岬が光ってその下に魚たちたちはむれ、「岬にみちは尽き、空は澄み、そして岬に一本の指が立っている。」と大岡はこの詩をパラフレーズした。そして「岬そのものが光っている。また指が岬に一本立っているというイメジだけで、すでに心は満たされるものがあります。」とした。
しかし、「指が岬に一本立っているというイメジ」とは聖書を何度となく読み返し、神のみ心をもっと更に知ろうと願った牧師暮鳥であるならば、そして聖書記載の事柄にとどまるほかなかった牧師暮鳥であるならばなおさらば、以下のように考えざるを得ないであろう。指とは何をするものか?それは「指し示す」ものである。指とはただの指のイメジでしかないのか?それはイメジだが、まさにイメジとして「指ハ天ヲ指シ」、「指し示す」ことがまさに牧師暮鳥の望む姿であり、それは「指し示す」暮鳥その人の姿とさえ言える。牧師といえども、否、牧師だからこそ、指し示す神の国は「『ここにある』『あそこにある』といえるものでもない。」15 のだからこそただ「空は澄」んでおり、指が直接さすものとはならず、澄んでいるとはリアリティに満ちていることに他ならないのである。「みちが尽き」たのはそこから更に先の大洋、キリスト教儀のもっと奥のことは知るよすがもないからでは、断じてなく、自己がキリストになろうとするのではなく、「指し示す」に至ったからである。だからこそ「心は満たされるものがあ」る。
もう一度「岬」を引いて以上をまとめ言葉の粒々を捉えなおした頭の中にある(私の)イメジに対応させてみる。
岬の光り
岬のしたにむらがる魚ら
岬にみち尽き
そら澄み
岬に立てる一本の指。
一つの解釈としては岬が光って魚がむらがっているのが教会(会衆)を、みちはそこに至るまでの道のり(こう言ってよければ歴史)を、一本の指が天を指し示そうとする暮鳥自身を、そらは澄んでいるリアリティを、あらわしている。つまり、この詩全体は、暮鳥がまっすぐに受け取った「この世界そのもの(のイメージ)」をあらわしているのに他ならないと私には思える。そのように受け取られた世界は一つの精神性その意味での普遍性へと凝縮し、暮鳥に対し生き生きと迫って来、それで暮鳥はうたれたのだと私には思える。
私は詩を書きたいがために、詩を読もうとした。そのためには詩の非論理的な領域以前では、意味の厳しい限定を、詩の非論理的な領域を読むためには各人なりの詩人の「感性の論理」を求めつつ読まなければならないと思わされた。詩人の「感性の論理」は、一言で言えば、各自の価値観の体系を徹底させ、豊穣なものにすることと思わされる。

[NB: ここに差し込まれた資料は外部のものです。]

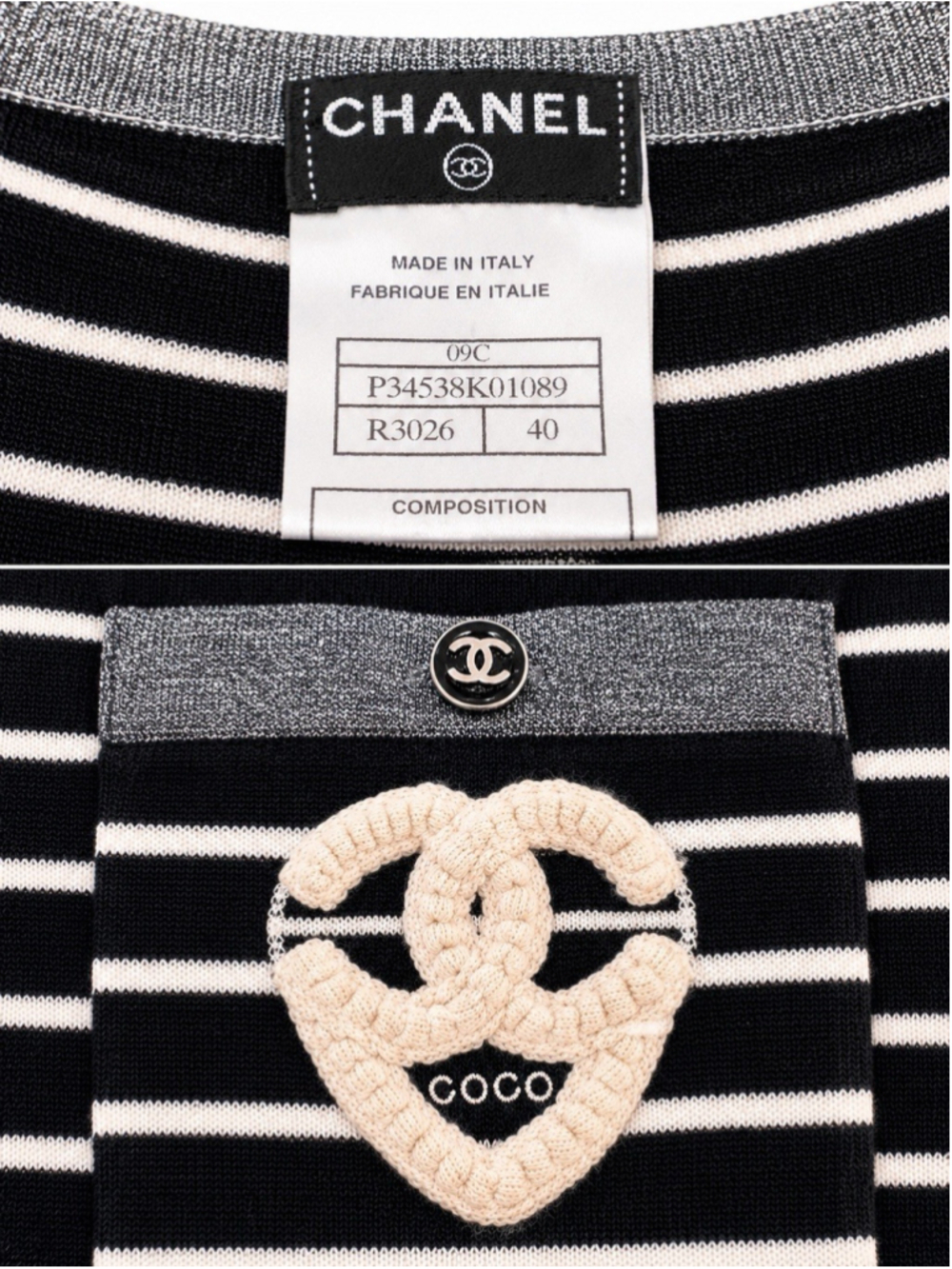 CHANEL 09C Cashmere Silk Twin Set Cardigan Tank Top CC Heart Logo IT 40 - Picture 4 of 10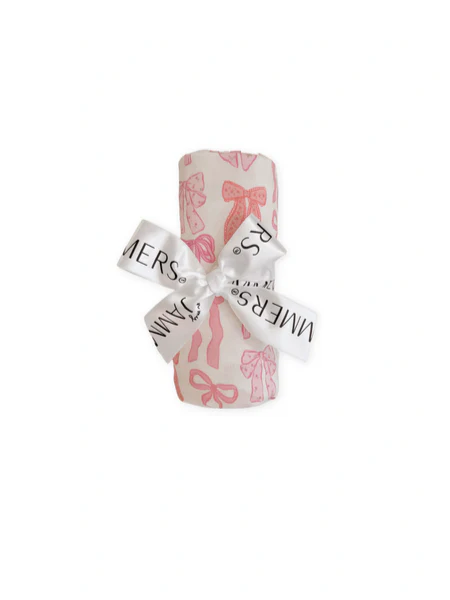 Bamboo Swaddle Blanket - Spring Floral Bows - Image 2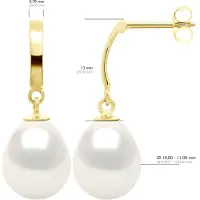 ATELIERS SAINT GERMAIN Örhängen i gult guld 375 och äkta odlade sötvattenspärlor Pear 10-11 mm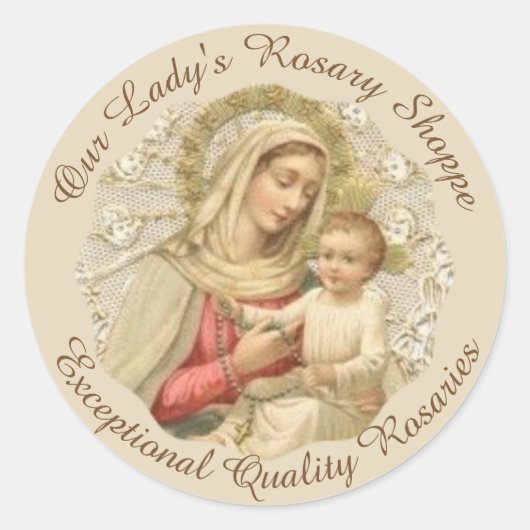 ZOLLEN SIE IHRE Dame des Rosary Baby Jesus Runder Aufkleber (Vorderseite)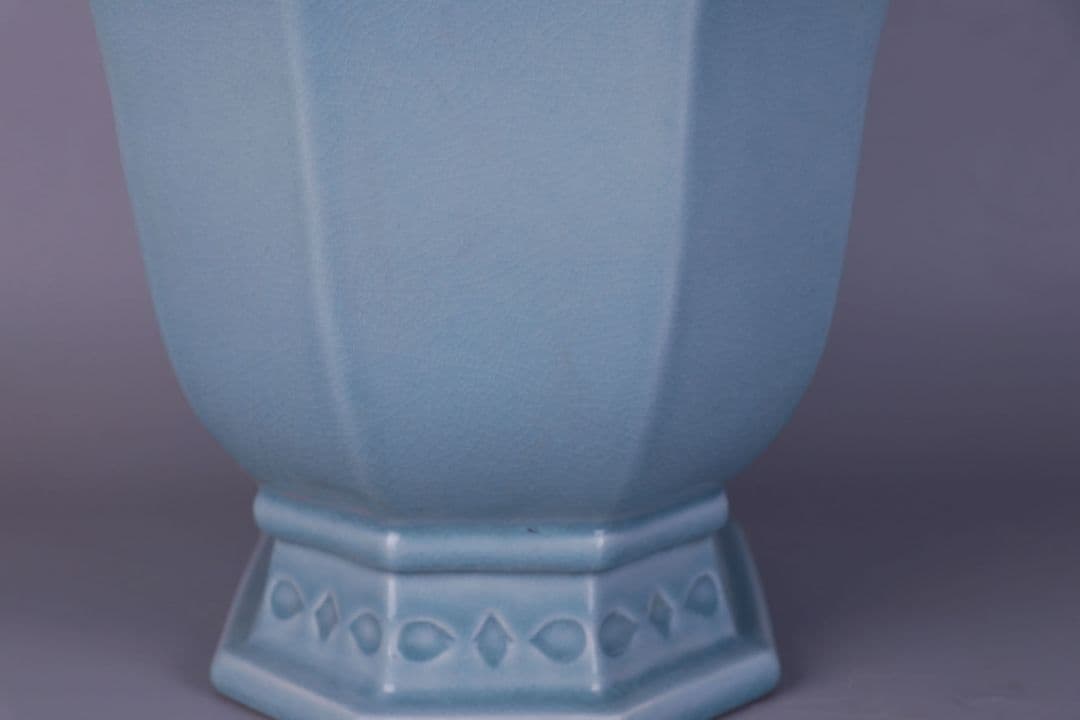 藍釉開片八方鉢 盆栽 多肉菖蒲盆栽 植木鉢 景德镇 装饰品 工艺品 置物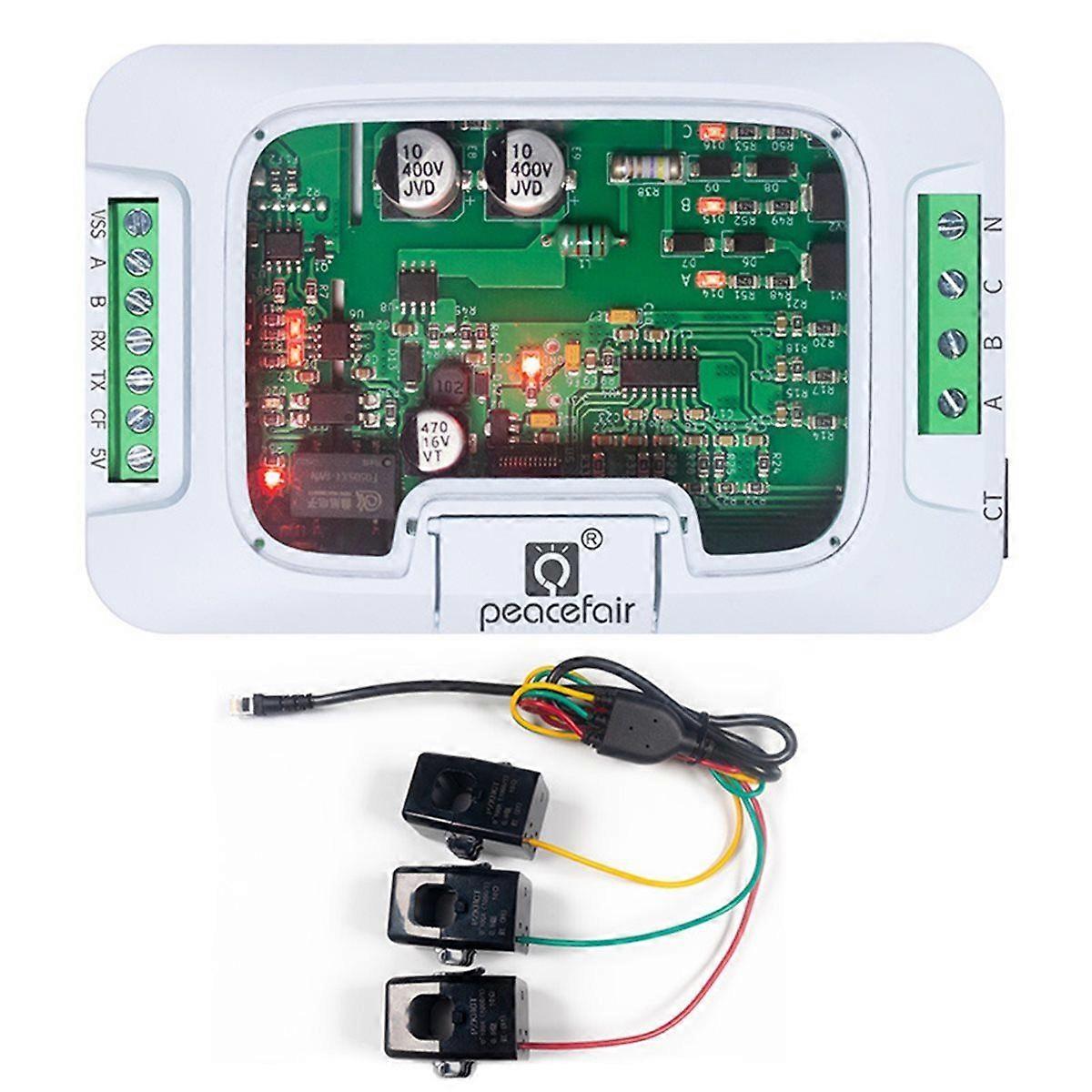 PZEM-6L24 3-Phase Energy Monitor Module DIN Rail Active/Reactive Power Pulse 1000imp/KWh
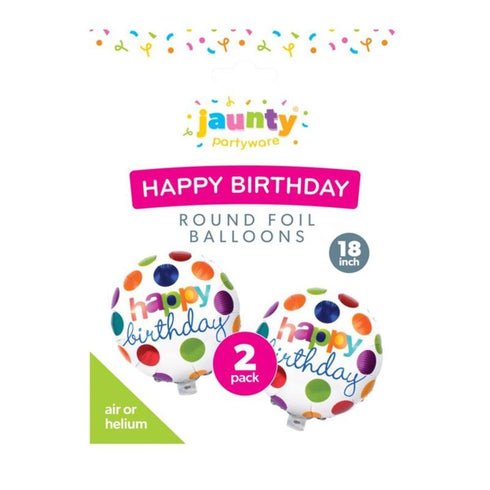 JAUNTY HAPPY BIRTHDAY 18" ROUND FOIL BALLOONS 2/PK. OL324175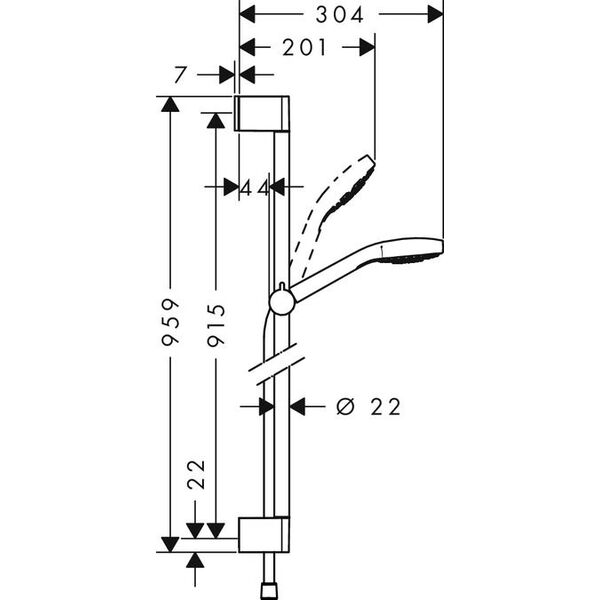 Zestaw prysznicowy Hansgrohe Croma Select S przesuwny biały (26572400)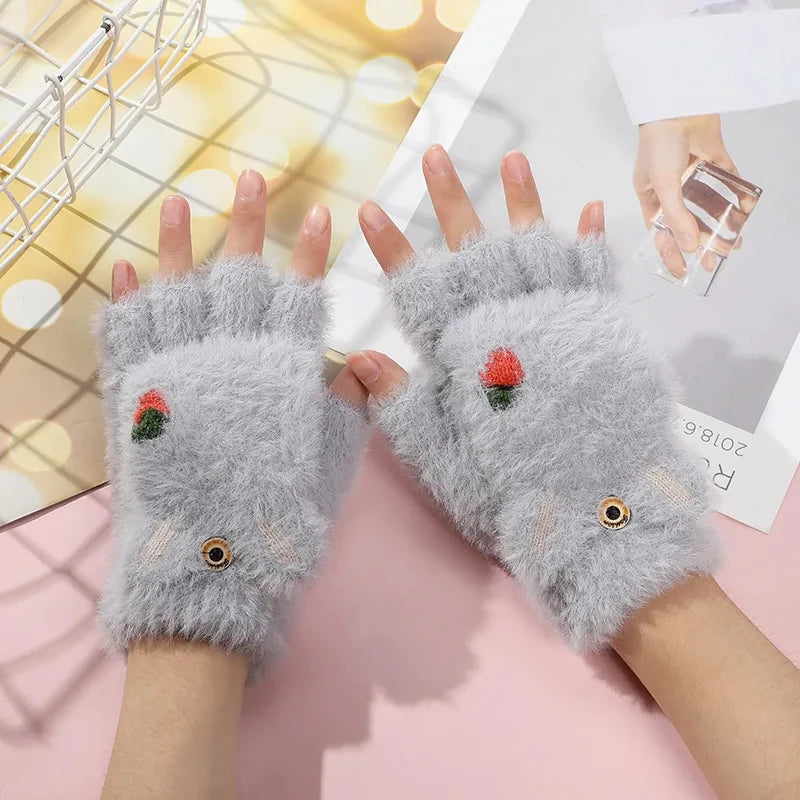 Women Plush Warm Glove Fur Lovely Rabbit Cat Mittens Flip Fingerless Gloves Soft Girls Thick Gloves Flexible Half Finger Winter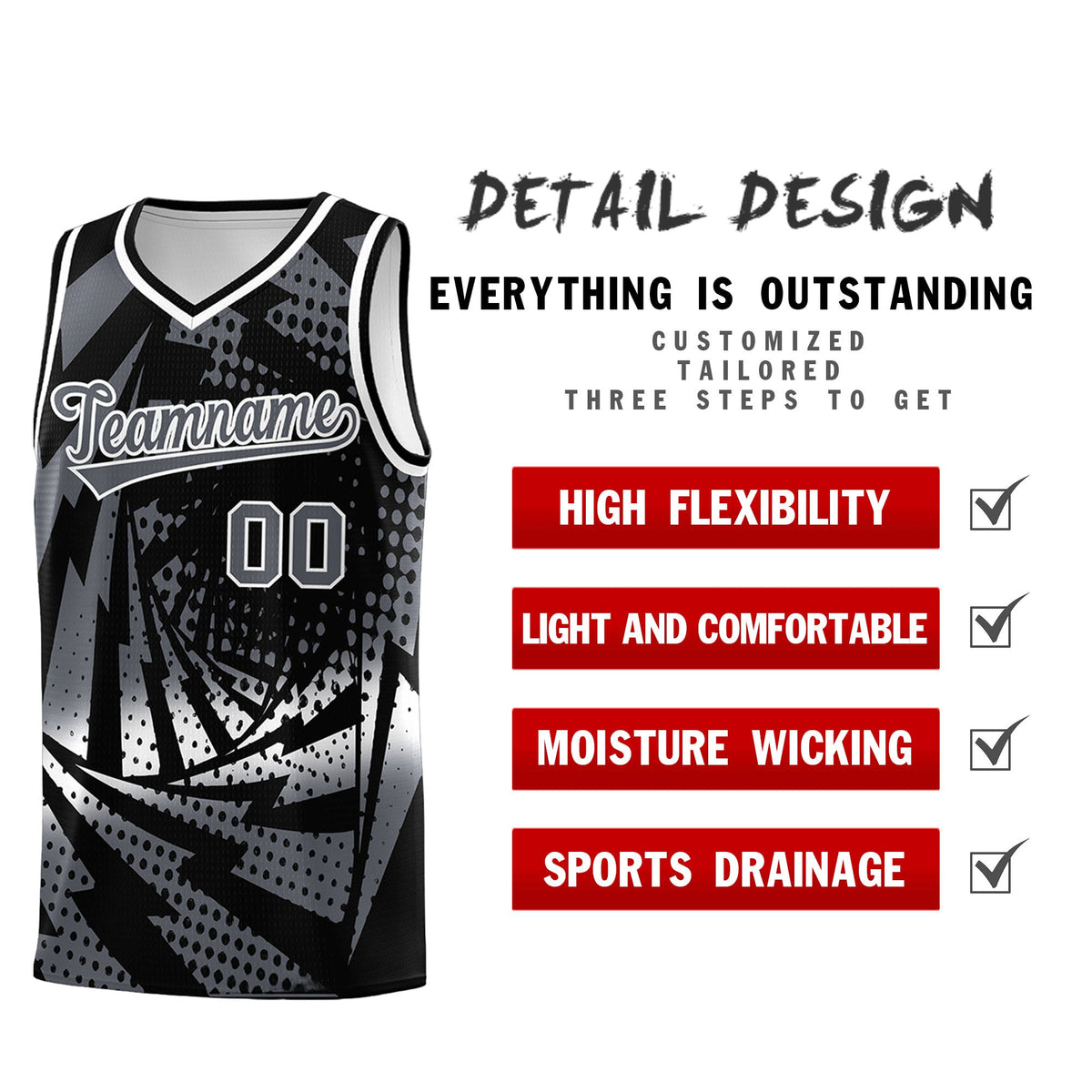 Custom Youth Basketball Jerseys Black Dark Gray Lightning Design Halftone Personalized Uniforms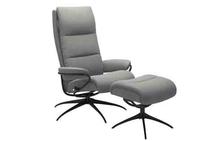 Tokyo Stressless Highback Chair and Ottoman in Paloma Silver Grey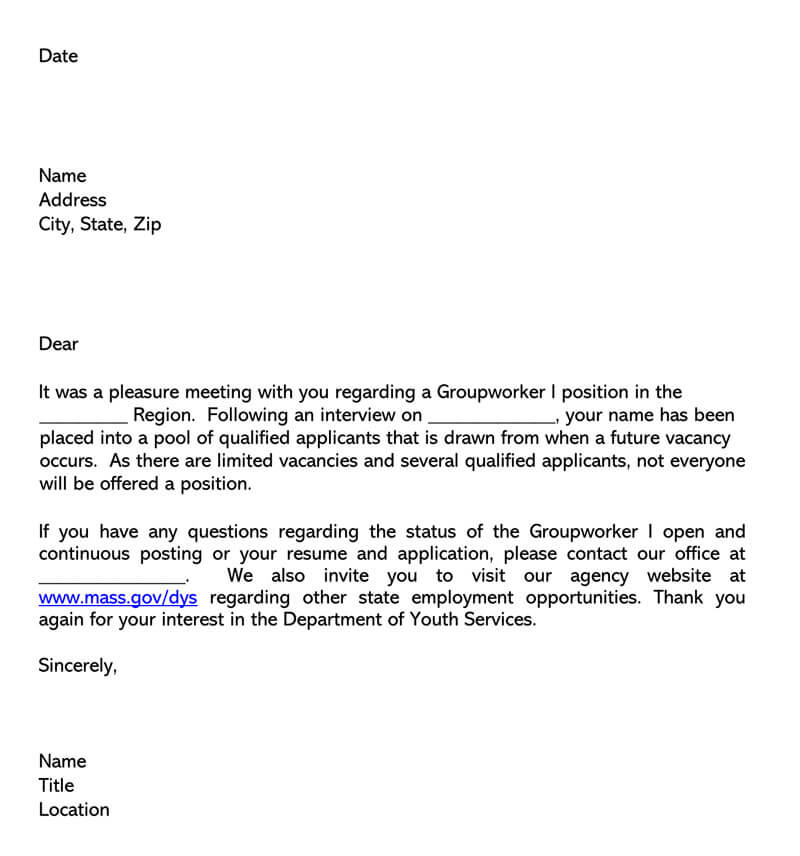 Job Candidate Rejection Letter (36+ Sample Letters & Templates)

そうするものに「文学」という文脈も一つには考えられるけれども、もう一つの可能性は詩人が「深い答えを求めて自己の内へ内へと掘り下げて」16 みたものを追おうとすることにあると思わされた。各人の価値観の体系を普遍性を勝ち取るまで徹底させていくことが、詩を書くものたちに自己の「感性の論理」を、つまり「感性」でありながら「論理」であるものを得させると思わされるのである。それはちょうど大岡がノヴァーリスの断章とともに言うように「すべての見えるものは見えないものに、聞こえることは聞こえないものに、感じられるものは感じられないものに付着している。おそらく考えられるものは考えられないものに付着しているだろう」17ようにである。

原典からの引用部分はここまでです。